Brief descriptive captions
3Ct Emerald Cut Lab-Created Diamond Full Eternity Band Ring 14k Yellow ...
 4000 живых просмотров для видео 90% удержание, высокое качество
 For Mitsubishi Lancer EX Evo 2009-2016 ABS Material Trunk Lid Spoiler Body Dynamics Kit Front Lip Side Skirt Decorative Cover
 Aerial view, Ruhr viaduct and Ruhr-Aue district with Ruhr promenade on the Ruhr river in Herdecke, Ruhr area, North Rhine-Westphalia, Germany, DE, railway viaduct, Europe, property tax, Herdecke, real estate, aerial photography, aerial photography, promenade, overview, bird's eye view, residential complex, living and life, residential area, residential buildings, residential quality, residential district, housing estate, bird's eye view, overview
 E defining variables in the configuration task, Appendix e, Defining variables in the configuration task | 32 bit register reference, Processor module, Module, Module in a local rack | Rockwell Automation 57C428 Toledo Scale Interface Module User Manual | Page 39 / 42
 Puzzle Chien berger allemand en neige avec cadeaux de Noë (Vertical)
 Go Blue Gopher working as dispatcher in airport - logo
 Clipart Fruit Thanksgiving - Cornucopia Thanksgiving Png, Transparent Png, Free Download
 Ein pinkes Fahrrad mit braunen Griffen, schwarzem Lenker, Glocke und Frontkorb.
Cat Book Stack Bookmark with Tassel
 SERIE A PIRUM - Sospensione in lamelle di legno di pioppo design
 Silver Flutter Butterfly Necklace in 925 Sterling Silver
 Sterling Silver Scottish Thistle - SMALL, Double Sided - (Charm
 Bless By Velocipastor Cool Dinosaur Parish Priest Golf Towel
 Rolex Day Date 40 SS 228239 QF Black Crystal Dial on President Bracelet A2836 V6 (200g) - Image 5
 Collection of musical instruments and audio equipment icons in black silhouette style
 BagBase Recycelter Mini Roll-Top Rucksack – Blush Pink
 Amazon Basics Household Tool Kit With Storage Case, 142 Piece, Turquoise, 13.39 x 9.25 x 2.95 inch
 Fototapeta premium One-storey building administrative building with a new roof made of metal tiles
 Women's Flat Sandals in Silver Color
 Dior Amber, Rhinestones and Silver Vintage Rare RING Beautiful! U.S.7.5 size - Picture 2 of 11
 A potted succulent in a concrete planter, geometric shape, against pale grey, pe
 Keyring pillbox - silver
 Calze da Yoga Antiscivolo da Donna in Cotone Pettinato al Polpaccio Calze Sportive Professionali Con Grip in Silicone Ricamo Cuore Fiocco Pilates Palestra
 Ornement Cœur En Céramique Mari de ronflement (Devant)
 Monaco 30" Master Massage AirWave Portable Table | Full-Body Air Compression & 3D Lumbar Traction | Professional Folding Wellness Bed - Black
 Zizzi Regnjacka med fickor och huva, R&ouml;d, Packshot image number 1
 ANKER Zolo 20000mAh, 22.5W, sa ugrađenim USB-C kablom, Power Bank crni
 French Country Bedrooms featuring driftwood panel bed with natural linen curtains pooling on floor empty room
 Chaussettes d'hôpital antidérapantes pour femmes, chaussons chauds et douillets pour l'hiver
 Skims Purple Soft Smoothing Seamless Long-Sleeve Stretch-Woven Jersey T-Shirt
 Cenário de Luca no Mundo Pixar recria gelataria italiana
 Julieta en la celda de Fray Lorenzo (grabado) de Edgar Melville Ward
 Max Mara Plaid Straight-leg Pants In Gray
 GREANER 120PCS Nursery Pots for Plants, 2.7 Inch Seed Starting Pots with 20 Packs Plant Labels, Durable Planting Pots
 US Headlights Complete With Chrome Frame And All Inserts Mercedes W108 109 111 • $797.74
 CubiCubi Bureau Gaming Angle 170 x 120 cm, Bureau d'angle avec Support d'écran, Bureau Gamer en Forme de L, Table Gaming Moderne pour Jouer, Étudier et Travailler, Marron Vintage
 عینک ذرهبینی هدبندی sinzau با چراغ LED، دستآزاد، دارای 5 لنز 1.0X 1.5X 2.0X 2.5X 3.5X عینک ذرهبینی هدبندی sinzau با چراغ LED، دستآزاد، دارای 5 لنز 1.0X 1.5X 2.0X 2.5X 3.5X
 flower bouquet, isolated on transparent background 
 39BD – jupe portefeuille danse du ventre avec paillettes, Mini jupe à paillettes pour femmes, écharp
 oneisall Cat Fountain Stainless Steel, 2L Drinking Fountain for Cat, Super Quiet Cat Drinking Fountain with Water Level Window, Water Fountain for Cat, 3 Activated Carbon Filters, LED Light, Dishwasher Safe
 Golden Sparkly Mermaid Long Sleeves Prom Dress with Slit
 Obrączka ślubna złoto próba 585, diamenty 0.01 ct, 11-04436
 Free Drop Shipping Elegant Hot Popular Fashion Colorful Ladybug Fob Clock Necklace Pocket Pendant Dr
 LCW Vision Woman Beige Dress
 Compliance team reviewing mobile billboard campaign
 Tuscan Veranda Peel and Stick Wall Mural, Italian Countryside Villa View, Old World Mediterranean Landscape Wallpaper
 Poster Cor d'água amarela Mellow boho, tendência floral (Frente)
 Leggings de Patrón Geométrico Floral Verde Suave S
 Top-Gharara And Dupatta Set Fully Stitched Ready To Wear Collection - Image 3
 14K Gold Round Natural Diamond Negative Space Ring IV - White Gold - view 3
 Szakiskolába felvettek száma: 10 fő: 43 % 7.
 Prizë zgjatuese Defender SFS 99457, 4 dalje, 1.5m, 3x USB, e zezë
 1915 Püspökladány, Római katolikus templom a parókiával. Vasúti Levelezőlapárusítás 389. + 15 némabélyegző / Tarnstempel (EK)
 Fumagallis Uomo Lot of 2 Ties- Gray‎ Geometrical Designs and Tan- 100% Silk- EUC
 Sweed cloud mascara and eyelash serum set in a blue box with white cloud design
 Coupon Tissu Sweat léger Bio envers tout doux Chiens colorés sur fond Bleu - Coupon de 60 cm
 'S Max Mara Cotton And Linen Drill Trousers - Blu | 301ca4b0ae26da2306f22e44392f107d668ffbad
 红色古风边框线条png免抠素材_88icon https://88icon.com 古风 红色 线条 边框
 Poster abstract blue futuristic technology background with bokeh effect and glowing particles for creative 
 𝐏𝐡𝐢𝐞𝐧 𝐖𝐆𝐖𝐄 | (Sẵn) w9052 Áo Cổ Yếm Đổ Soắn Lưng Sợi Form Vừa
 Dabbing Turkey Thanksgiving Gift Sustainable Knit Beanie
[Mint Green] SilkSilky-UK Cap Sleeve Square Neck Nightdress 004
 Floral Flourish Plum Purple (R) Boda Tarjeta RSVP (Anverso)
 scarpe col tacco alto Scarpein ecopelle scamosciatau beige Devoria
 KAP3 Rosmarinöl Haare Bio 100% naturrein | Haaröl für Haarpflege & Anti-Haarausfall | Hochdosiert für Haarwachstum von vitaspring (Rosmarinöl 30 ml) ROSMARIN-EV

Task details
Once you reach the line with "Tuscan Veranda Peel" in the data above, copy it and every line after it exactly, up to and including the line with "1915 Püspökladány, Római".

Task output
 Tuscan Veranda Peel and Stick Wall Mural, Italian Countryside Villa View, Old World Mediterranean Landscape Wallpaper
 Poster Cor d'água amarela Mellow boho, tendência floral (Frente)
 Leggings de Patrón Geométrico Floral Verde Suave S
 Top-Gharara And Dupatta Set Fully Stitched Ready To Wear Collection - Image 3
 14K Gold Round Natural Diamond Negative Space Ring IV - White Gold - view 3
 Szakiskolába felvettek száma: 10 fő: 43 % 7.
 Prizë zgjatuese Defender SFS 99457, 4 dalje, 1.5m, 3x USB, e zezë
 1915 Püspökladány, Római katolikus templom a parókiával. Vasúti Levelezőlapárusítás 389. + 15 némabélyegző / Tarnstempel (EK)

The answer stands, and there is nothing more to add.